The two sphere universe is a conception of the astronomical heavens by ancient Greece. It was one of several conceptions of the universe and the one taken most seriously by the largest number of people, particularly by astronomers. Before the end of the second millennium BC, the Babylonians and Egyptians started methodical observations of the motion of the sun. This was partly motivated by agricultural purposes to predict seasons and the flooding of the Nile. But the earliest solar calendars were based on a 360 day year, a new round number in the sexagesimal number system of the Babylonians. But this year would creep, as over time the seasons moved by 5 days every year. The motion of the stars are much simpler and more regular then the sun's.

One key characteristic of the stellar motion, and observations thereof is that the North Star remains very nearly stationary. Careful observations show that it is not quite stationary, but the actual stationary point is only 1 degree away. This point is known as the north celestial pole. Because the stars and celestial pole retain the same relative positions hour after hour and night after night, they can be permanently located on a map of the heavens. This is called a circumpolar star map. Together observations of the heavens made by ancient astronomers provided no direct structural information. They told nothing about the composition of the heavenly bodies or their distance, no explicit information about size, position, or shape of the earth. They do not even indicate that the celestial bodies really move. Anyone can be sure that the angular distance between a celestial body and the horizon changes continually. The change might as easily be caused by a motion of the horizon as by a motion of the heavenly body. Terms like sunset, sunrise, diurnal motion are interpretations of the data.

The tradition that detailed astronomical observations supply the principal clues for cosmological thought is native to Western civilization. It is one of the most significant characteristic novelties that we inherit from the civilization of ancient Greece.

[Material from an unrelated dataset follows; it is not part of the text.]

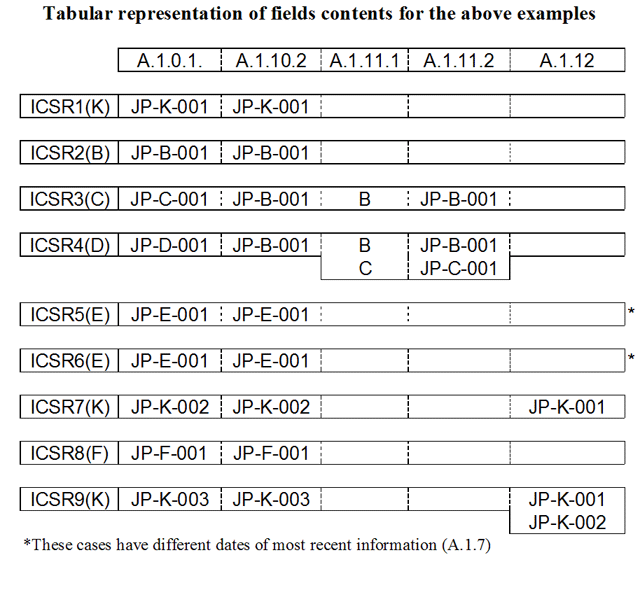 Tabular representation of fields contents for the above examples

In the 6th century BC, Anaximander of Miletus taught that the stars are compressed portions of air, rotating wheels of fire emitting flames from small openings. The sun is 28 times the size of the earth, like a chariot wheel, the hollow rim full of fire emitting fire from a nozzle-like opening. Eclipses of the sun occur because the fire vent is shut up. The moon is a circle 19 times as large as the earth, like a chariot wheel, the rim hollow and full of fire, placed obliquely. Its eclipses depend on the turnings of the wheel. Astronomically, the ancient Greece conception by Anaximander were far in advance of the Egyptians'. The gods have vanished in favor of mechanisms familiar on the earth. The size and position of the stars and planets are discussed. The problems raised and discussion of diurnal circles are handled with some success by treating celestial bodies as orifices on the rims of rotating wheels.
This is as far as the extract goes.